Fleet operators implementing electric vehicles or converting their fleet to electric need to untangle a chain of complexities to ensure that each deployment is successful and that operations are not impacted – a key concern for fleet operators with the mission of reliable service and resilient operations.
Conversion of any fleet requires a systems thinking approach fixed in the interdependent elements that compose electric fleet planning and operations: routes and schedule, electric vehicle capabilities, charging equipment and charging schedule, infrastructure sizing, energy consumed and electricity cost, onsite energy options, and facility upgrades for both power and vehicle placement.
Although complex, fleet operators and their advisors should consider these interdependencies and include them in zero emissions fleet transition plans. For example, vehicle and charger procurements should be made after charging schedules have been simulated and charging strategies have been optimized to minimize the associated costs. The scale and scope of electric vehicle deployments should be informed by the operating environment and existing infrastructure to support charging at the site, and match each deployment phase to necessary upgrades timely and cost-effectively.

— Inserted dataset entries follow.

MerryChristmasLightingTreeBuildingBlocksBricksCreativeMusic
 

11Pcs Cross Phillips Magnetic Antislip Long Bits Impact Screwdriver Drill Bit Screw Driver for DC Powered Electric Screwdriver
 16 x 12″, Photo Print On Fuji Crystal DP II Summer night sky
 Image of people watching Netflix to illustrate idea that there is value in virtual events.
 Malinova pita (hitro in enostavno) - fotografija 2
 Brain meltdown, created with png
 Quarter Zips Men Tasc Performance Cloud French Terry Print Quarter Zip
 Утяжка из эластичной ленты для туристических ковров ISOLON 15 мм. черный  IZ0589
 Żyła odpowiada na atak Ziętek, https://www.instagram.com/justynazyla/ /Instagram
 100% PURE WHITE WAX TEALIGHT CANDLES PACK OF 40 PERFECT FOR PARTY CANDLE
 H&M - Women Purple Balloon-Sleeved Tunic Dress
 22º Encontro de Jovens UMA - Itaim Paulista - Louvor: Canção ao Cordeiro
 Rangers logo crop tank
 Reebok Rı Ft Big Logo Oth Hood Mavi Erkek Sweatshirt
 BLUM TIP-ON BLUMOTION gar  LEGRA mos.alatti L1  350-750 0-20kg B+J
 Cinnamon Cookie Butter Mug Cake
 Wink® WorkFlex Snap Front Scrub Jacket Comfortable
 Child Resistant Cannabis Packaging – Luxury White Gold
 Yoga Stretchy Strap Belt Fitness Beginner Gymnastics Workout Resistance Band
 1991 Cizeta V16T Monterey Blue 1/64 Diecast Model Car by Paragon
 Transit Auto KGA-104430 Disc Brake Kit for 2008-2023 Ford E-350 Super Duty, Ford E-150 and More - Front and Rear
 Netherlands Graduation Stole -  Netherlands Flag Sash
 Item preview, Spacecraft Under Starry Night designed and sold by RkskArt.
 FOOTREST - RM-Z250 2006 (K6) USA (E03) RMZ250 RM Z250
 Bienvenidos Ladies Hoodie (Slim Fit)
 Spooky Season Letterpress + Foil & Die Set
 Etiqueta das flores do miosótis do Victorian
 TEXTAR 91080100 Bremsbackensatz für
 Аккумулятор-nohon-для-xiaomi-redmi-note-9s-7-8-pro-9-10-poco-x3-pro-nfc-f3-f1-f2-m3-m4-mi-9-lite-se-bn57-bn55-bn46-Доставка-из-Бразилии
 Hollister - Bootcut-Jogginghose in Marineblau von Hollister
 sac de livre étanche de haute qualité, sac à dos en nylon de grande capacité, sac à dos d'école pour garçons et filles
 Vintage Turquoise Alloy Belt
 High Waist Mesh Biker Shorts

To simplify this complexity it is useful to reduce the challenges of electrification into 5 ‘critical questions’ that fleet operators seek to answer.
1. Will electric vehicles serve my routes? Every route is different, and electric vehicle (EV) battery range can vary widely with temperature, terrain, payload, and driver habits. Vehicle original equipment manufacturers (OEMs) provide a typical mile range on a single battery charge, but often these numbers do not reflect the elements of steep terrain or cold and hot temperatures. EVopt modeling incorporates real-world factors – weather, terrain, payload – on a route-by-route basis to determine realistic EV energy consumption in kWh/mile. Such detailed modeling is key to assessing EV suitability and overcoming range anxiety to provide the fleet operator clarity about what portion of operations is electrifiable with today’s technology.
2. What size battery do I need? Fleet operators are tasked to sort through a myriad of information to determine the vehicle battery size and charger power ratings that fit their operations in the short- and long-term. To answer this question EVopt uses route energy consumption to identify the minimum battery size necessary to complete each route over the projected vehicle lifetime. This provides the operator with confidence about what to buy, where to deploy, and when to shift older EVs with less battery capacity to shorter routes.
3. What charger power do I need? Like vehicle batteries, charger power ratings need to be specified for the operational schedule. More energy consumed during operations and shorter charging windows require higher power ratings, and less energy consumed and longer charging windows need only lower power chargers. EVopt uses energy consumption and operating schedule to determine the minimum viable charger sizes to meet the required state of charge every day. A clear charging strategy in the near and long-term can significantly reduce the cost of the charging system.
4. How much power and infrastructure upgrade is needed? Concerns about available power and timeframe for upgrades must be addressed right up front to avoid the mismatch of when vehicles arrive and when charging systems are installed. To support electrical system evaluation and utility engagement EVopt calculates the power required at each facility and illustrates peak power reduction under a managed charging scenario. With both options in hand the fleet operator and their utility can evaluate existing infrastructure, and if/when and what capacity is needed at each site.
5. Why is connecting a short- and long-term plan necessary? Fleet electrification can be overwhelming with the changes associated with transitioning to electricity for vehicles and facilities. Clarifying what needs to be considered and implemented today, or over the horizon, allows fleet operators, their engineering firm, and their utility provider to focus on what matters for successful deployments and to have a line of site to when other considerations are necessary. At MGL we think in phased deployments based on the overall system and fleet transition timing, and designed EVopt to be used for multiple scenarios and depots to generate the right answers for the right time. Using a systems design approach that naturally optimizes vehicles, chargers, and infrastructure sizing, capital costs are minimized and deployment plans are derisked. Whether you are a fleet operator, energy advisor, or utility provider, answering the right questions for the right timing can significantly reduce the complexity in fleet electrification, procurement, and deploying electric vehicles and charging infrastructure.
System-level Answers Realistic and comprehensive fleet modeling answers near-term questions based on long-term considerations, and a plan that connects these two endpoints supports stakeholder engagement, budgeting, grant writing, and of course design/procure/build.